Nature Sounds AI

Nature Sounds: Identifying Sounds Around Us

By Jasmin Ibrišimbegović

Introduction

Nature Sounds Project

We live in a world filled with sound—birds chirping at dawn, rain pattering on windows, dogs barking in the distance. Yet identifying these sounds computationally is far more challenging than it appears. Unlike images, which freeze a moment in a fixed frame, sounds are temporal, variable in length, and often obscured by background noise.

Nature Sounds is my attempt to tackle this problem: an AI-powered system that classifies 50 environmental sounds in real-time, from frog croaking to car horns, using deep learning and accessible mobile technology.
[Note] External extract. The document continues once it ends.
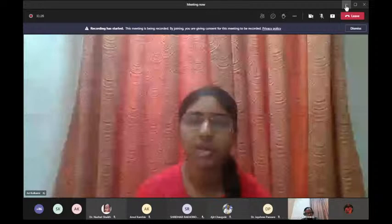With this brief introduction, I now request Dr. Dhadiwal Sir to take over the session. Before we begin, some instructions for all participants: please keep your mics muted, raise your hand before asking questions, and at the end we will be sharing a feedback link. Please fill it and do share your feedback. Over to you, Sir.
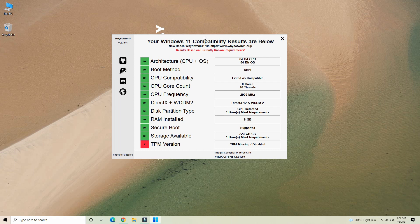The PC cannot run Windows 11 as it stands. TPM version needs to be enabled so Windows 11 can be installed. The boot method also needs to be set to UEFI instead of legacy — we need UEFI, not legacy. You can check the description link to find the app and check your own PC to see if it supports Windows 11.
The Challenge of Sound Recognition

Sound recognition faces unique challenges that make it fundamentally different—and harder—than image recognition:

1. Temporal Variability

Unlike a photograph with fixed dimensions (e.g., 224×224 pixels), audio clips vary wildly in duration. A dog bark might last half a second; rain can continue for hours. Models must handle this temporal inconsistency.

2. Background Noise

Real-world audio is messy. A frog croaking near a busy road includes car engines, wind, and human voices. The target sound is often buried in noise—something rarely an issue with image recognition where the subject is usually visible.

3. Overlapping Sounds

Multiple sounds can occur simultaneously. A recording might contain both chirping birds and wind and footsteps. This cocktail party problem makes single-label classification difficult.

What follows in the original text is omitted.